RD637 - Annual Report on the Implementation of 2014 Emergency Custody Order (ECO) and Temporary Detention Order (TDO) Law Change – June 30, 2022

Executive Summary:

In response to concerns regarding Virginia’s behavioral health crisis response system, the General Assembly enacted SB 260 in 2014 to ensure that every individual who met the criteria for temporary detention was provided access to inpatient psychiatric care. The new laws made sweeping changes in Virginia’s emergency custody order (ECO) and temporary detention order (TDO) laws. The new laws included changing the ECO timeframe to eight hours, creating the “Bed of Last Resort" requiring a state hospital to admit individuals under TDOs for whom no private bed was found during the ECO period, and updating other communication and notification requirements. Since the enactment of the new ECO and TDO laws, the Department of Behavioral Health and Developmental Services (DBHDS) partnered with stakeholders, including the community services boards (CSBs), state hospitals, private hospitals, magistrates, law enforcement, and others to monitor the requirements set forth in the ECO and TDO laws passed in 2014. An overview of the legislation can be found in Appendix A. The most salient impacts of the laws for Virginia’s behavioral health crisis response system are described below.

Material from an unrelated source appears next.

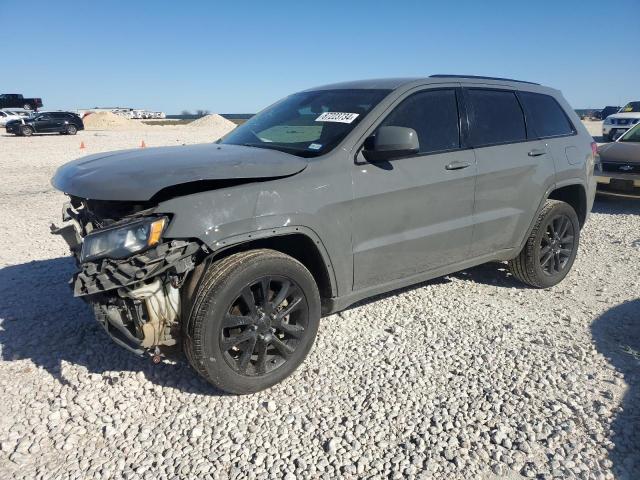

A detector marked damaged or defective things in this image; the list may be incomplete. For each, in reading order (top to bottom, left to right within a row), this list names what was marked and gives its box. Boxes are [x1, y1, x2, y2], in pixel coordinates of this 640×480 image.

broken headlight [80, 218, 168, 262]
damaged front end [51, 197, 204, 358] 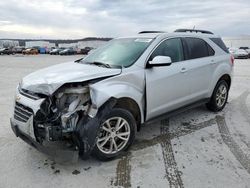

Rising State Hospital Admissions – Since the law changes in 2014, there has been a continual increase in the daily number of state hospital admissions of individuals under a TDO between FY 2013 and FY 2019, growing by 389 percent between during that time. This was specifically related to the Bed of Last Resort change. There was a slight decrease in state hospital TDO admissions in FY 2020 and FY 2021, with a more significant increase in FY 2022 as some state hospital beds were not operational due to COVID-19 and a state hospital staffing crisis.

State Hospital Bed Closures – In FY 2022, state hospitals experienced increased census and critical staffing shortages. The staffing shortages reached critical levels at the beginning of FY 2022, prompting a temporary admissions closure of five state hospitals while expediting appropriate discharges to move staff/patient ratios to safer levels. While all of these hospitals re-opened to limited admissions within about six weeks, currently 232 state hospital beds still remain offline due to a lack of sufficient direct care staff to operate them. There are 126 beds that have been safely reopened since the closure. At full capacity, the state hospitals have 1,380 adult and children’s beds.

TDO Admissions Delays – When no state bed is open for a Bed of Last Resort admission, the state hospitals do not deny the admission but the admission is delayed until a bed can be freed. In FY 2022, there were at least 7,242 patients who experienced this delay in admission. These patients waited an average of 43.2 hours for a bed. In 55 percent of these cases, a private bed was found for the patient before a state bed was made available.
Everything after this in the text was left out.